29 August 2019 tbs.pm/69508

YOUR SPINE-CHILLING GUIDE TO TV’s CHAMBER OF HORRORS

 

From the Daily Express for 20 March 1971

WHEN Jon Pertwee took over the swirling mantle of B.B.C.1’s Dr. Who more than a year ago he vowed to play the part straight. Without, as he put it, the baggy trousers.

And even while warding off attacks from a succession of outlandish adversaries like Silurians, Autons, Primords and Axons he has not swerved from that principle.

The result has been more than gratifying, he told me.

“Our viewing figures have shot up this season to the nine million mark and while the kids are still lapping it up we are attracting more and more adult viewers”

Fantasy

SHAGGY, growling, grimacing Primord, the transfigured terror of Director Stahlman, gave Dr. Who one of his biggest tests last June. Under the whiskers — Olaf Pooley.

The secret of the show’s growing popularity?

“Because, basically, it is more scary than it used to be. And it’s more scary because we now play it as science fiction rather than science fantasy.

“We have brought the monsters down to earth instead of zooming off to other planets to tackle them. Somehow, it’s far more terrifying if you can identify with what’s happening on the screen — the idea of meeting a Yeti shuffling down your High Street is more alarming than one somewhere in outer space.

“With most of the action being earth-bound too, we can shoot on actual locations rather than in studio sets — and this adds even more to the realism”

Fifty-one-year-old RADA-trained Pertwee agreed to take on the role partly because he wanted a larger audience to accept him as a straight actor and not only as a comedian

So his decision to play Dr. Who “for real” included using his genuine voice rather than one of the wide range of “funny” accents he has at his command.

“If there is humour in the script I use it, of course, but I won’t speak lines of dialogue that are nonsense because this would destroy the sense of realism I am trying to achieve,” he said.

But does the increased realism equate with more terror for the younger children?

‘We have been sniped at for frightening kids behind the sofa and all that sort of thing,” said Pertwee, “but nearly all the children I have met can take it— and more. And that is another reason I don’t play the part tongue-in-cheek: you can’t kid kids.

“Five-fifteen on a Saturday evening is family viewing time. In that, way it differs from other nights of the week. And if you have a particularly susceptible child there is nothing to stop you leaning forward at an angle of 45 degrees and turning that little button.”


• Jon Pertwee’s predecessor Patrick Troughton, who for three years played the Dr.
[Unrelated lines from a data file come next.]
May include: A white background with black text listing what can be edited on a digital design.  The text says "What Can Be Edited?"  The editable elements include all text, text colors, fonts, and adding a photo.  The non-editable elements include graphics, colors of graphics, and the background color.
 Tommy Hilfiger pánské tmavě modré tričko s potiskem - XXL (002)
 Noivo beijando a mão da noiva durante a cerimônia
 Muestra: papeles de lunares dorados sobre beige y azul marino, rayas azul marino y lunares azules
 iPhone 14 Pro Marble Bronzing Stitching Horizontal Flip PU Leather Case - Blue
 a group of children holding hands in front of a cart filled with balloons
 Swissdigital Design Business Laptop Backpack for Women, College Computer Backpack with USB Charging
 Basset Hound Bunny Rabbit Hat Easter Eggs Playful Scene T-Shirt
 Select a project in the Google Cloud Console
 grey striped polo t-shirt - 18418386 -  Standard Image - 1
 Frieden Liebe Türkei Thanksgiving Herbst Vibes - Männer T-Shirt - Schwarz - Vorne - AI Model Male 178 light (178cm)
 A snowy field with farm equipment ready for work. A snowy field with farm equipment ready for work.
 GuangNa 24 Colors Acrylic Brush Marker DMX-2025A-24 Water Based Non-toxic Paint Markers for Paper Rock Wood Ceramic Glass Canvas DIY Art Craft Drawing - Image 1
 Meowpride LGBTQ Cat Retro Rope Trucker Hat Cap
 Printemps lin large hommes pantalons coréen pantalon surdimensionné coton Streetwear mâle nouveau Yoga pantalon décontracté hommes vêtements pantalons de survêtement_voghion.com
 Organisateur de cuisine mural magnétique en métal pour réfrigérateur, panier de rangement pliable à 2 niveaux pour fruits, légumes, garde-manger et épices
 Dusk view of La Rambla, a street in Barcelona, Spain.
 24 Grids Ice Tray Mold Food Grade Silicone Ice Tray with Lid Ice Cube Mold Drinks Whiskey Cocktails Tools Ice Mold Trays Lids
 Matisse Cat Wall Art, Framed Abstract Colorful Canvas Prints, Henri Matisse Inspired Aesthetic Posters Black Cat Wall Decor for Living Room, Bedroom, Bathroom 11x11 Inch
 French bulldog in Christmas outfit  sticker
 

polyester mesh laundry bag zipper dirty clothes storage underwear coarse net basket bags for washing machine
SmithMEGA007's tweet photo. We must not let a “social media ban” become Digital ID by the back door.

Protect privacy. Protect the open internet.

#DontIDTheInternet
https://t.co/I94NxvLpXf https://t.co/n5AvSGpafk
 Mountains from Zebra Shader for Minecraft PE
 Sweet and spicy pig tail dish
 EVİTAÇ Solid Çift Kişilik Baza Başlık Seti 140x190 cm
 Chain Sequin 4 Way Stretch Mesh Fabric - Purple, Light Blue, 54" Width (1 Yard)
Who role with a more comic, lighter touch, went on to greater dramatic things — the scheming Duke of Norfolk in the successful “The Six Wives of Henry VIII.”


Russ J Graham writes:

A bit of fluff from the Daily Express in 1971, ahead of episode 2 of The Claws of Axos debuting on BBC-1 that night.

Jon Pertwee takes care to stress how Doctor Who is now more realistic-seeming for being Earth-based; this despite him and Katy Manning just having finished recording the following adventure, Colony in Space, which saw the Doctor leaving Earth in his Tardis. This would become more common from that point on.

Of course, the Express wouldn’t be the Express if it didn’t put the boot in at some point in a feature. Here it’s done subtly against Patrick Troughton: mentions of ‘no more baggy trousers’, a new seriousness, more realism… and a final, off-topic paragraph about how he’s gone on to better and more upmarket things since. Nice way to condemn three years of the show and its former lead actor, then damn him again with faint praise. And a very good job at making it seem like Pertwee was slagging off Troughton’s portrayal, despite the two of them being friends in real life.

All-in-all, a nice glimpse into both how Doctor Who was publicised in the early 1970s and how newspapers can spin anything into anything if they want to.

You Say

2 responses to this article

Richard 29 August 2019 at 6:02 pm

Proof, were it ever needed (and in my mind it isn’t) that Who always promoted as family show until the management mid eighties kickings…

Trevor Wells 16 October 2019 at 10:06 am

The Pertwee years introduced colour to the series & the late great Roger Delgado as The Master. The 23/11 anniversary falls on a Saturday this year. Dr Who magazine is 40 years old I remember it being launched at a convention back in 1978.